As Trish kept on taking her photos and we were putting the book together, I had my ears open for ways in which others were seeing (or not seeing) the nature of nature all around them.
I did a wonderful waka tour down the Whanganui River in April and listened to our guide, Niko Tangaroa, as he talked about leaving his structured life as an engineer in Australia to return home and set up a business where he could share the river’s delights with others. With a big grin, he said, “Every morning when I get out on the river, I look up at the sky and say, “Thank you, Ranginui [sky father], for my new workshop!”’
By contrast, in July I had a short, startling encounter next to a rose bush in a French garden with a young American woman. She was so unaware of nature that her only connection with its smells was via the cosmetic industry. I pointed out a pink bloom to her because it had the most beautiful fragrance. “Mmm,” she sighed. That’s so beautiful! It’s just like rose oil. So this is a rose, huh?”.

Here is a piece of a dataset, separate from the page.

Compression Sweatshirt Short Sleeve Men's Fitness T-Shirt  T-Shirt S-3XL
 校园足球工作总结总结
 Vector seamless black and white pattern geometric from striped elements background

Then in Fiji, in September, I saw such a warping of nature that it chilled my heart. I was in a bus with friends as we drove through a valley filled with emerald jungle. But the tree profiles were strangely lumpy. The leaves were a densely packed, uniform, brilliant green. We came to realise we were looking not at the rich variety of specimens that should have been there, but at a vast leafy blanket that was smothering miles of native forest under a thick duvet of curling vines . “What is that?” we asked. “Killer vine!” spat a local man. “The Americans brought it here during the war to use as camouflage. Now it is everywhere.” It can overcome the tallest trees and nothing can stop its spread.
Like most pest introductions, the kudzu invation started innocently enough. Japanese gardeners brought it to a Philadelphia garden expo in 1876. Americans loved it. They wanted it for their gardens, too. And now it’s strangling huge areas of the south-eastern United States, too. No wonder they knew it would be good for concealing soldiers in the tropics. Kudzu is very polite in Japan as winter frosts knock it back every year. But deprived of cold it becomes a maniac, growing by as much as a foot per day.
It’s a problem. Out of control. Just like so much of the stuff going on in our lives. But I remember wise Osman and his quiet observation : Problem. Solution. Problem. Solution.
Our little book can’t stop kudzu, but in its small way it might untie a few other knots in modern life.